SOM Winner Serjeant Award
Architectural objects emerge out of the lines that describe them, while the lines themselves will recede and disappear. This moment of emergence captures a series of ‘in-betweens’: in-between drawing and model, pattern and garment, process diagram and spatial artefact, even plan and building. Working at the scales of the body, the room and the urban fragment, I created a process of making architecture that grows between the thing itself and those marks that capture it on paper.
My medium of choice is the pliant three-dimensional surface. I began with flat-pattern drawing to develop the body’s measurements in two dimensions, suspending its emergence from the plane of the paper. Polynomial equations and geometric constraints were used to produce sparse bundles of threads that coalesced into continuous surfaces. And these surfaces were then deployed to define the boundaries of a room-size installation.
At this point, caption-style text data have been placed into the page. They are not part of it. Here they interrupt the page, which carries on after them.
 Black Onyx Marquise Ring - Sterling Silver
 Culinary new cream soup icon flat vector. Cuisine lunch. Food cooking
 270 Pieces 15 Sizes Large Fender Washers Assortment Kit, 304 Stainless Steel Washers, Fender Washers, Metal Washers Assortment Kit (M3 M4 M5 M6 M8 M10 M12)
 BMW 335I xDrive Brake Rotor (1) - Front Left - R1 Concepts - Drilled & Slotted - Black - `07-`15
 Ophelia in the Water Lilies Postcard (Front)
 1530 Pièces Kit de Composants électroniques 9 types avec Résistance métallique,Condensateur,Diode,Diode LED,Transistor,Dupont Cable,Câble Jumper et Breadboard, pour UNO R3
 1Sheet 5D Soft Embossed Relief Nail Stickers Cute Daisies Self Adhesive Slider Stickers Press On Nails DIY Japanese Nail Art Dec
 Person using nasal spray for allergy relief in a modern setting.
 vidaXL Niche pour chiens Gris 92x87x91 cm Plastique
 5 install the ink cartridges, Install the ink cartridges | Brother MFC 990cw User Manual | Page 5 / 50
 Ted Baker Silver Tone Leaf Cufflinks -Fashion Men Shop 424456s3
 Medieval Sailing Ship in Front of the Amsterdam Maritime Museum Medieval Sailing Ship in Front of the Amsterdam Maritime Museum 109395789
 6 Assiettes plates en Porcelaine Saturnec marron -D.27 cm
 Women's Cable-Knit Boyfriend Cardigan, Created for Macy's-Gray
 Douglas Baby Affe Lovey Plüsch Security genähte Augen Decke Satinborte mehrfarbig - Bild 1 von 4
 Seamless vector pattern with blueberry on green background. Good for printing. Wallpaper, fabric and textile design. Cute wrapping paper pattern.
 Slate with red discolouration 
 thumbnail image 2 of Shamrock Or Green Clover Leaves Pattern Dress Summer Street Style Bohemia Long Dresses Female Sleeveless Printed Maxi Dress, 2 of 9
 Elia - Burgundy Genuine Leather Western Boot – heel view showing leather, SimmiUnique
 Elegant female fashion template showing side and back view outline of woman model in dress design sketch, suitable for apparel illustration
In my final attempt to produce space, I devised a folding sequence involving the plans, sections and elevations of a modern addition to Sir Edwin Lutyens’s Page Street housing estate. In response to the programmatic requirements of the brief, I added extra ‘material’ to the overlapping areas of the pattern, creating new spaces – one-sided, two-sided, symmetric or seriated – along the way.
In Diploma Unit 5, the surface as object of knowledge is our conceptual stock-in-trade. Carolin set herself a particular task within this agenda, jointly exploring the themes of emergence and sidedness. Her first project, a wearable artefact titled ‘The Data Suit’, bridged the gap between the tailor’s flat pattern and the piece of clothing eventually made out of it – or, if you like, between the formative process and the artefact produced. Her third project expanded this line of enquiry into a full-blown design methodology, combining traditional actions of descriptive geometry and performance-like presentations that made some of our tutorials feel like cookery demos.
Carolin's work raises elemental questions, such as ‘How many sides does a wall have, and why’? And her responses are extremely sophisticated, to the degree that her work proposes new strategies for the way in which one reads an architectural project. The working methodology she developed from this questioning goes back to the fundamental acts of design, examined at various scales, from body to city. It is both ‘new’ and ‘old’, as mindful of a long drawing tradition as it is contemporary in its embrace of numeric modelling and fabrication. We feel, as tutors, that she did – and is doing - work of exemplary quality.